Nelson Rodrigues também contribuiu para a trajetória da atriz. Em 1961, o Teatro dos Sete produziu O Beijo no Asfalto, escrito especialmente para o grupo. O diálogo entre o dramaturgo e a intérprete durou oito meses, entre telefonemas de Fernanda e a feitura do texto. “Eu subi no meu próprio conceito quando entreguei à Fernanda O Beijo no Asfalto”, disse o escritor, em depoimento resgatado no livro, sobre a atriz.
Nos últimos anos, além de incursões pela TV e pelo cinema, levou aos palcos o monólogo Viver sem Tempos Mortos, baseado na obra de Simone de Beauvoir, uma das pensadoras mais influentes do século 20. No espetáculo dirigido por Felipe Hirsch, que já rendeu algumas temporadas desde sua estreia, em 2009, ela interpreta textos criados a partir das correspondências trocadas entre a autora francesa e o companheiro,
Jean Paul-Sartre.
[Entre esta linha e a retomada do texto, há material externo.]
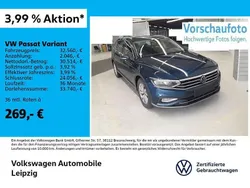 Blau Gebraucht 2024 VW Passat Elegance Kombi | 32.560 € (Guter Preis)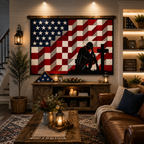 Honor Forever Printed Quilt Pattern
Fernanda relata que, no momento em que preparava o espetáculo, Fernando, seu companheiro de vida e profissão, falecia, tornando a simbologia do texto ainda mais profunda.
Recém-lançado pelas Edições Sesc São Paulo, Fernanda Montenegro: Itinerário Fotobiográfico é uma obra para quem se interessa pela cultura brasileira, pois a atriz, dama das artes cênicas, não se restringe aos palcos. Como ilustra o depoimento do diretor e cenógrafo italiano Gianni Ratto reproduzido no livro, ela é “realmente um fenômeno a ser considerado isoladamente, mais do que no contexto geral da arte teatral”.
Rico em fotos e depoimentos da atriz e de profissionais que conviveram com ela, o livro narra sua trajetória nos capítulos sobre sua infância e juventude, família, profissão e outros que gradualmente aproximam o leitor da grandeza artística e pessoal de Fernanda Montenegro, atributos percebidos como inseparáveis e expostos nas 500 páginas do volume.